If you come it at an angle you can mess up distribution. The puck might be even across the surface but it won't be even throughout the basket. It might not result in channeling but this tamper won't create a perfectly even tamp. When I first saw it I thought you could place the flat surface on the edge of the basket and the handle with the piston was telescopic which would cause a perfectly straight tamp.


----------



## Dylan (Dec 5, 2011)

Rob1 said:


> If you come it at an angle you can mess up distribution. The puck might be even across the surface but it won't be even throughout the basket. It might not result in channeling but this tamper won't create a perfectly even tamp. When I first saw it I thought you could place the flat surface on the edge of the basket and the handle with the piston was telescopic which would cause a perfectly straight tamp.


Quite simply, I disagree. I see what your saying but I just dont see it having that much of an effect on the puck, having a tamp end up flat is in my eyes a very important factor in how evenly the puck is tamped.


----------



## PuFFaH (Aug 21, 2015)

I've watched a couple of youtube vids on the barista championships and the all seem to use a version of this devise to level the grinds before using a tamper and not as the tamper.


----------



## Brewer in training (Feb 7, 2015)

I like that........... Nice n simple to adjust...... Looks very smart..... Pls let me know how you get on with it..... And if you get shafted by customs.....
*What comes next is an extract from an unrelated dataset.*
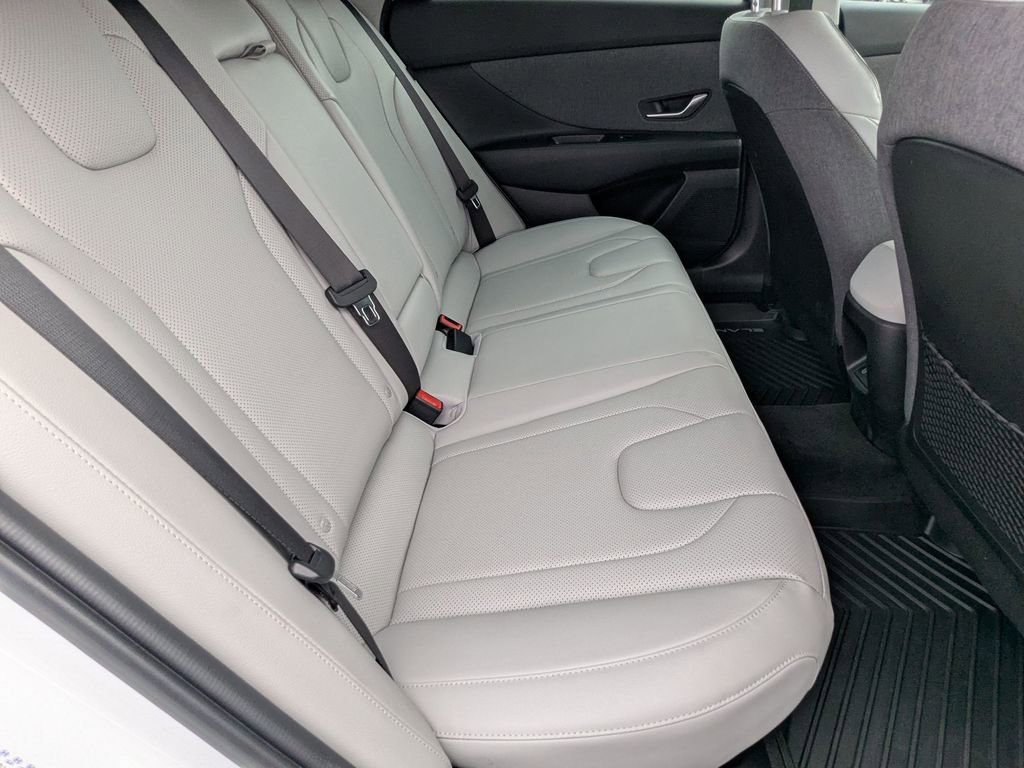 Certified 2025 Hyundai Elantra Limited image 19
Can't wait to see how it works out for you.


----------



## Dylan (Dec 5, 2011)

Will do, I'm hopeful with customs as it's EU it should float right on by.


----------



## Dallah (Jan 31, 2015)

Am I the only person that thinks that thing looks down right fugly?


----------



## Flibster (Aug 15, 2010)

It's not pretty, but it seems to work.

Doesn't seem too far fetched to be able to machine the handle down to a stud and then screw on a new one made from whatever.


----------



## coffeechap (Apr 5, 2012)

ridland said:


> Am I the only person that thinks that thing looks down right fugly?


Nope


----------



## Dylan (Dec 5, 2011)

Defo not a looker, I'm never really a fan of the all silver tampers, never really stand a chance against the Torrs of the world.
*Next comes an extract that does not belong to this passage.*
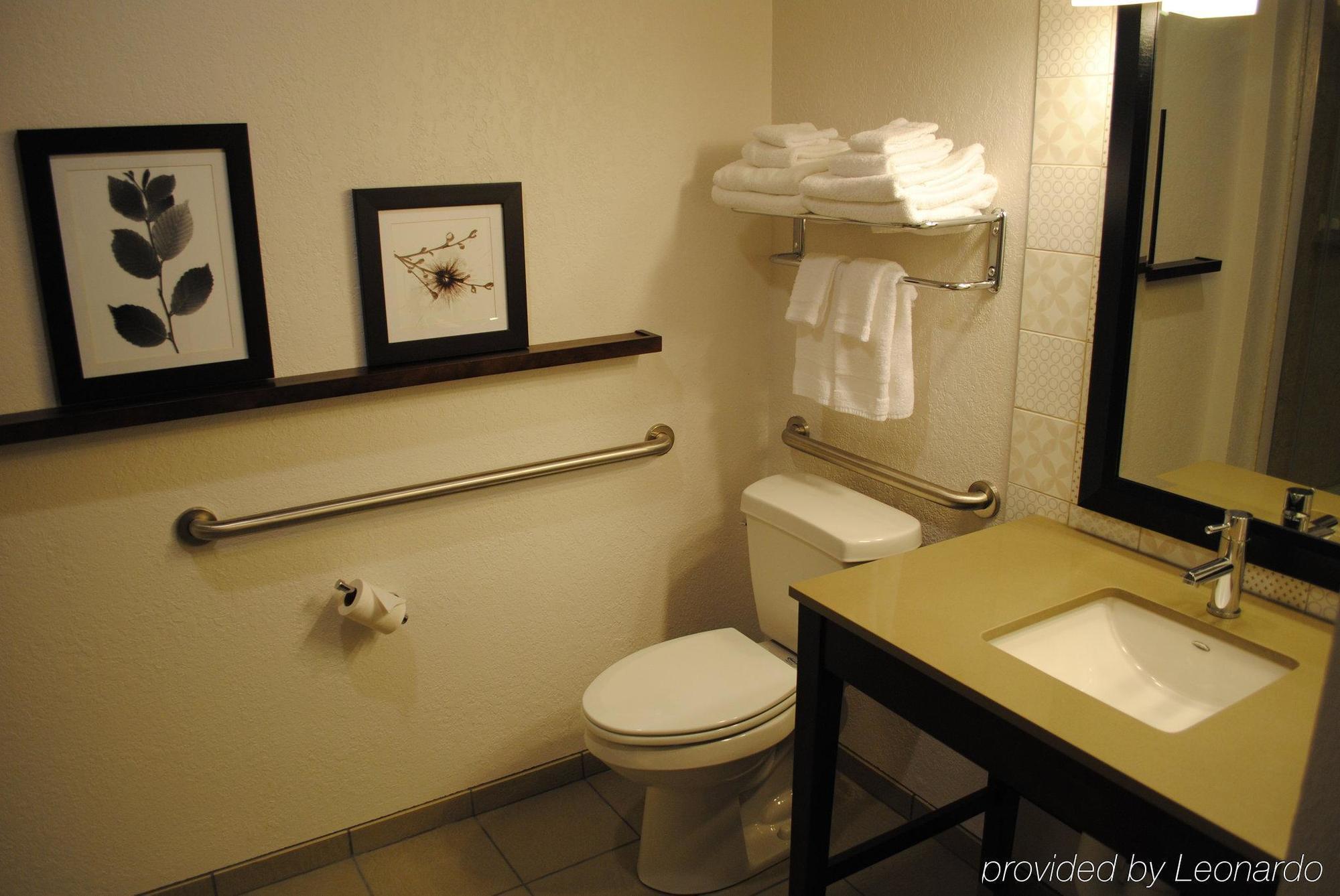 Country Inn & Suites By Radisson, Chippewa Falls, Wi מראה חיצוני תמונה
I'm not much one yo care about my tampers looks.


----------



## Dylan (Dec 5, 2011)

Got this through today.

Geez, it's like a murder weapon from Cluedo. It weighs 1.2kg... thats almost 4 regular wooden tampers.

The mechanical design could not be simpler, it is the tamper base with a large bolt protruding from it, and then the part that sits on the basket screws onto this, and then the handle afterward. when the handle is tightened it locks the other part in whatever position you put it in. It looks like it came straight off the lathe, its not ugly but its doesn't hold a candle to the beautiful wooden tampers some of us have. Oh and it heavy... did I mention that?

Drastically shortens my tamping time, getting a straight tamp was never something I was good at. Setting up is a breeze, just tamp normally, then put the Mahlgut in and rest it on the bed and then screw down the top until it meets the basket and tighten the handle. Tamping is now as simple as anything, a hard push creates a perfectly even bed.

I opted for the 15.4 recommended for VST, I think I probably could have got away with a 15.5, but it would have been a return to Germany if I got that wrong. The option for a 15.4, 15.5 or 15.6 is nice however, Iv'e not seen that level of customisation elsewhere.

As expected, there were no extra taxes to pay. So landed price was 83euro.


----------



## Dylan (Dec 5, 2011)

Was just having another look at the Grist on the Mahlgut site and realised that all the prices were now 'correct' in that they didnt seem to be missing the VAT any more. I popped an email to Mahlgut and sure enough they explained that there was a mistake on their website, the UK was included with countries like the USA where the VAT is removed. I got my tamper a bit cheaper that it should have been, and all the prices are now as they should be.


----------



## knightsfield (Sep 22, 2014)

I got lucky as well as mine was 83 euro with postage. I went for the 58.6 and it fits my VST basket perfectly.

Such a simple design but works so well and yes it is heavy.


----------